Chovanec: Tschechien will Brexit-Verhandlungen auf eigene Faust
Tschechien sollte auf eigene Faust mit Brexit-Verhandlungen beginnen und nicht auf die EU warten. Dies empfiehlt Innenminister Milan Chovanec. Der Sozialdemokrat sagte dies in einer Talkshow des öffentlich-rechtlichen Tschechischen Fernsehens am Sonntag.
„Wir werden weiterhin offen für Migranten sein, vor allem Hochqualifizierte und Einwanderer aus Europa. Aber das Signal, das die Öffentlichkeit mit dem Referendum gab, war eindeutig: Nach dem Brexit muss die Zahl von Personen kontrolliert werden, die aus Europa nach Großbritannien kommt. Und das werden wir auch tun.“
Großbritannien will im März den Austritts-Prozess aus der Europäischen Union einleiten. Innerhalb von zwei Jahren sollen neue Beziehungen zwischen Großbritannien und der EU geschaffen werden. Der tschechische Innenminister, Milan Chovanec, setzt aber auch auf bilaterale Verhandlungen, unabhängig von der EU:„Wir müssen mit einer selbständigen Initiative kommen und nicht abwarten, was Europa tun wird. Denn es könnte lange dauern, bis sich die europäischen Staaten auf einen gemeinsamen Standpunkt einigten.“
Der Sozialdemokrat betonte, dass es darum gehe, die Rechte tschechischer Beschäftigter und Bürger in Großbritannien zu wahren:„Für uns ist es wichtig, dass die tschechischen Bürger in Großbritannien, etwa die tschechischen Studenten, in absehbarer Zeit informiert werden, wie es weiter gehen soll. Sie sollen darauf nicht bis zu einem Jahr warten und in Unsicherheit leben müssen. Daran wird die Regierung arbeiten.“
In ihrem Ansinnen wird die Regierung von der Opposition unterstützt. Der Europaabgeordnete Stanislav Polčák für die Bürgermeister und Unabhängigen:
„Viele Verhandlungen können einen inoffiziellen Charakter haben. Wenn die Tschechische Republik die Interessen ihrer Bürger schützt, hat sie unsere völlige Unterstützung. Es zeigt sich, dass die Entscheidung der Briten gravierende Folgen für den Kontinent haben wird. Diejenigen, die das Gegenteil behauptet haben, haben sich geirrt.“Doch andere EU-Abgeordnete, nämlich Pavel Telička und Petr Ježek für die Regierungspartei Ano, kritisierten am Montag die Aussagen des Innenministers als dumm. Seine Vorstellung, dass Tschechien bessere Bedingungen als Deutschland oder Frankreich aushandeln könnte, sei naiv, hieß es. Telička warnte vor einer Spaltung der Union noch vor den (offiziellen) Gesprächen.

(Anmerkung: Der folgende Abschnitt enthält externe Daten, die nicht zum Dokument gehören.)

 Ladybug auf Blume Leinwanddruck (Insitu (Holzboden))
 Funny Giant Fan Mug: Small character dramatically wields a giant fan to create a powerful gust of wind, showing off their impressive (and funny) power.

Die konkrete Form des künftigen Verhältnisses zwischen Großbritannien und der EU hänge davon ab, was zwischen der Europäischen Union und dem Inselstaat ausgehandelt werde. Der tschechische Innenminister fürchte keine Einführung der Visumpflicht:„Falls Großbritannien den Zugang für Europäer, einschließlich der Tschechen, auf sein Gebiet strikt beschränkt, kann es nicht der Meinung sein, dass keine reziproken Schritte folgen werden.“
Premier Bohuslav Sobotka (Sozialdemokraten) hat bereits angekündigt, dass er Anfang Februar mit den Vorsitzenden der Parlamentsparteien zusammentreffen wolle. Sie sollen einen „nationalen Standpunkt“ für die Verhandlungen Großbritanniens über den EU-Austritt ausarbeiten.